RECORDS TO USE:
==============================

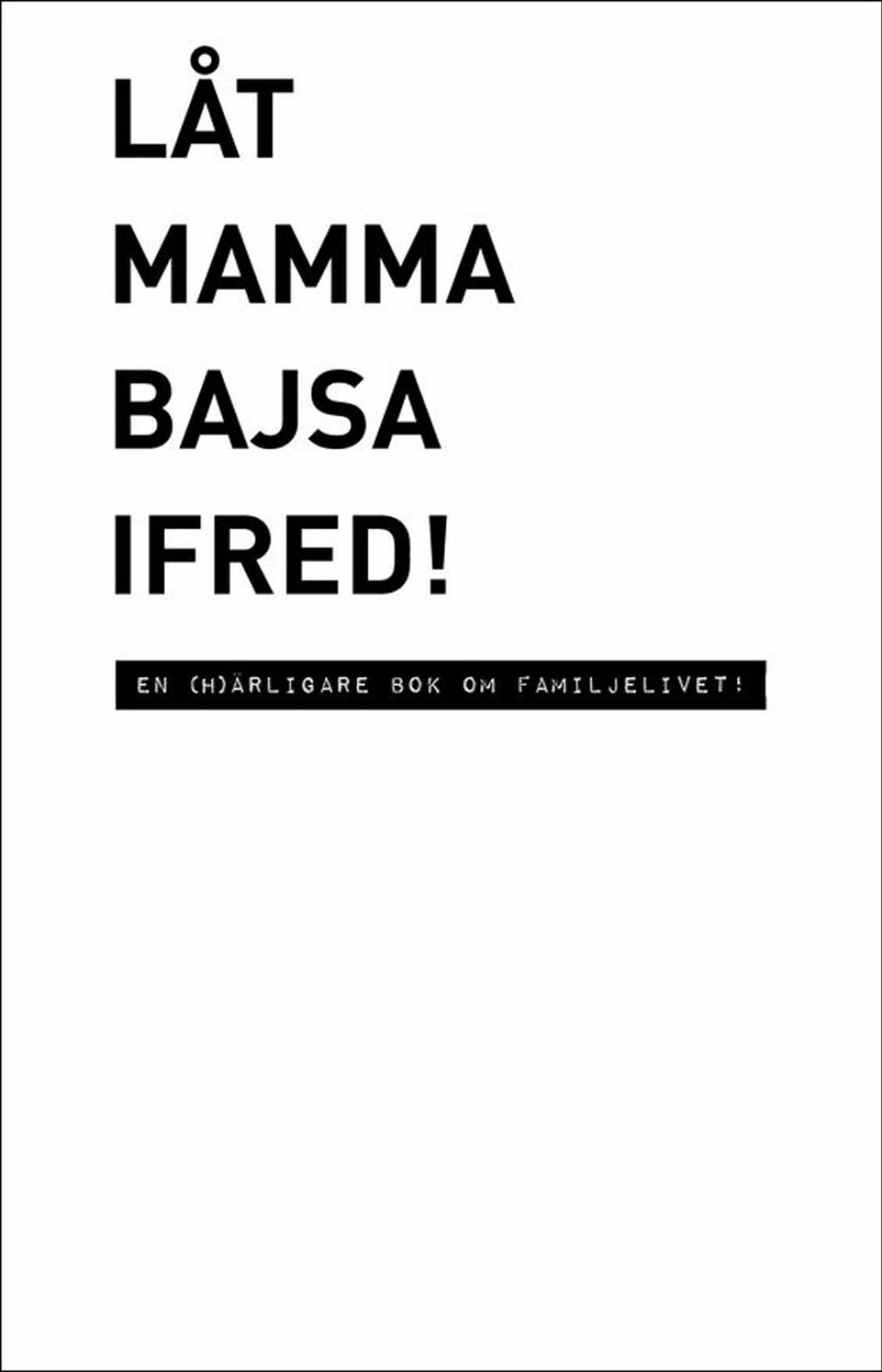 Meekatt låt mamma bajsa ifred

==============================

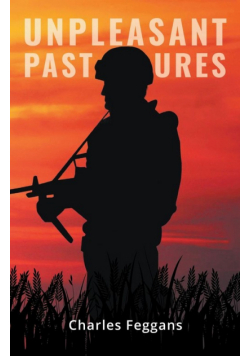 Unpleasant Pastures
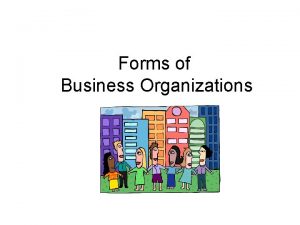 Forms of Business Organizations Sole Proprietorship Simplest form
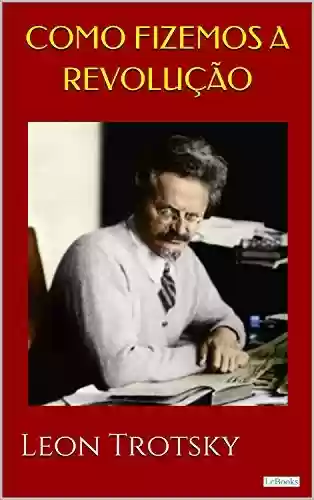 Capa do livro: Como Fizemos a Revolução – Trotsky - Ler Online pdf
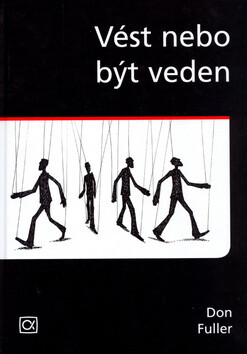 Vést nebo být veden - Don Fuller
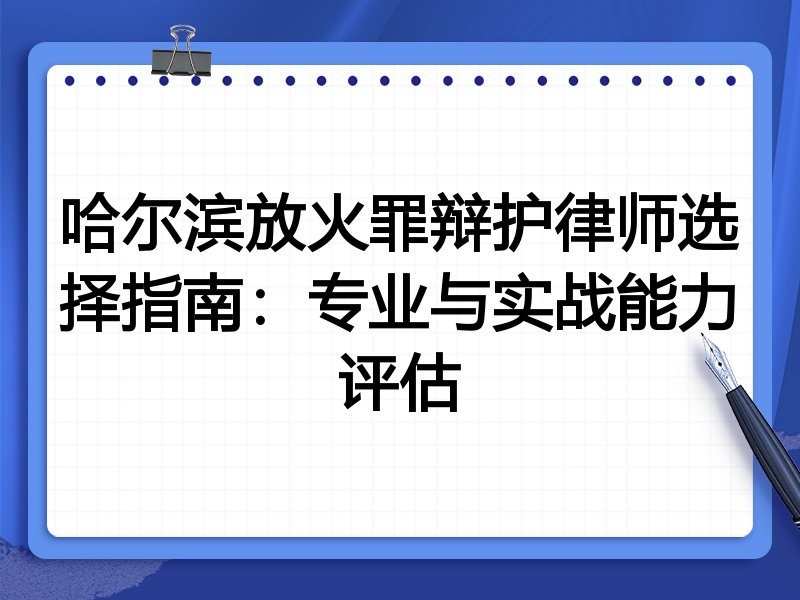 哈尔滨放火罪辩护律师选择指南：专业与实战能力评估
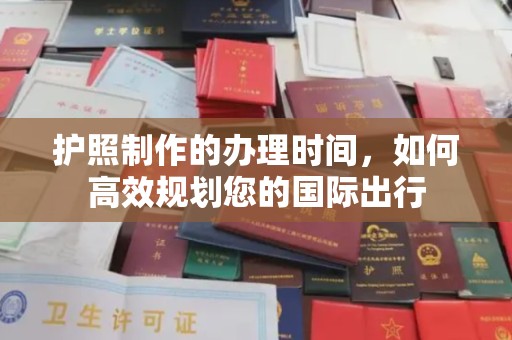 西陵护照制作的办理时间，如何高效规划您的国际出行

==============================

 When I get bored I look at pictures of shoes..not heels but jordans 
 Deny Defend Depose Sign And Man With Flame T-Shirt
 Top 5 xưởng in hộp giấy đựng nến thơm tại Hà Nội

==============================

TASK DETAILS:
Pictures excluded, transcribe the listing above exactly from the line with "哈尔滨放火罪辩护律师选择指南：专业与实战能力评估" through the line with "西陵护照制作的办理时间，如何高效规划您的国际出行", and no further.

ANSWER AREA:
 哈尔滨放火罪辩护律师选择指南：专业与实战能力评估
 西陵护照制作的办理时间，如何高效规划您的国际出行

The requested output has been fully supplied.